[Required work] An exact reproduction of the entries is needed. Keep all pictures out of it.

[Records shown]
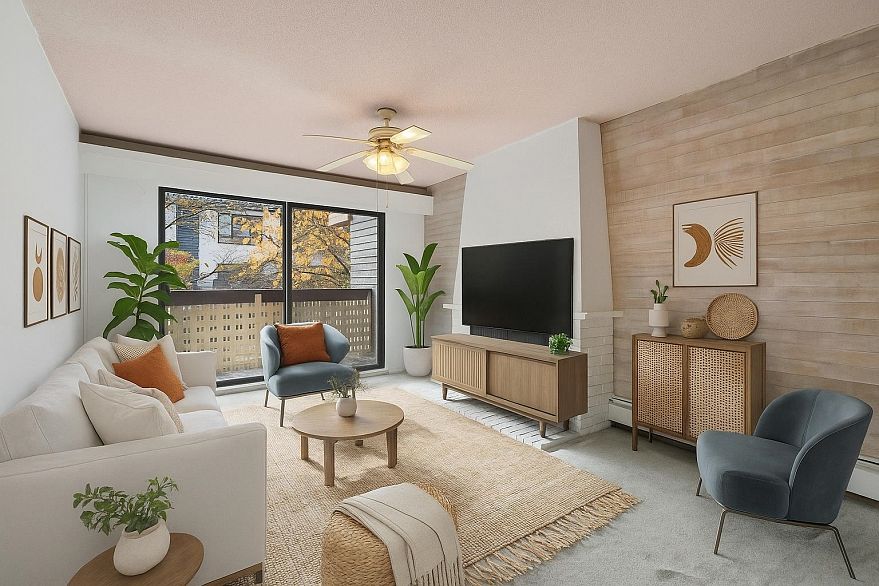 215 3150 Prince Edward Street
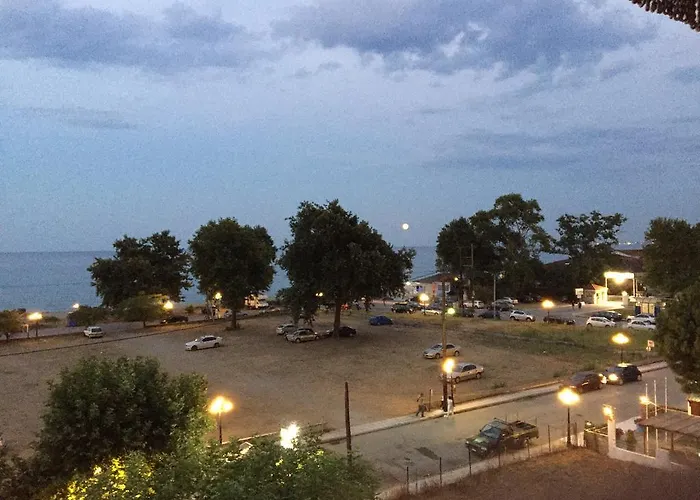 Lefkes 2*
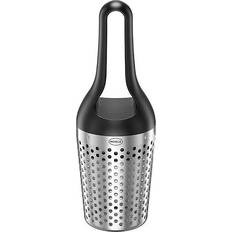 Rösle Herb Shower with Weighing Knife Strainer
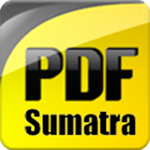Скачать программу Sumatra PDF 3.1.2 бесплатно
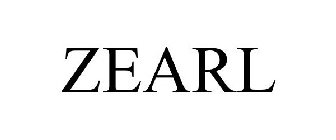 ZEARL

[Written solution]
 215 3150 Prince Edward Street
 Lefkes 2*
 Rösle Herb Shower with Weighing Knife Strainer
Скачать программу Sumatra PDF 3.1.2 бесплатно
 ZEARL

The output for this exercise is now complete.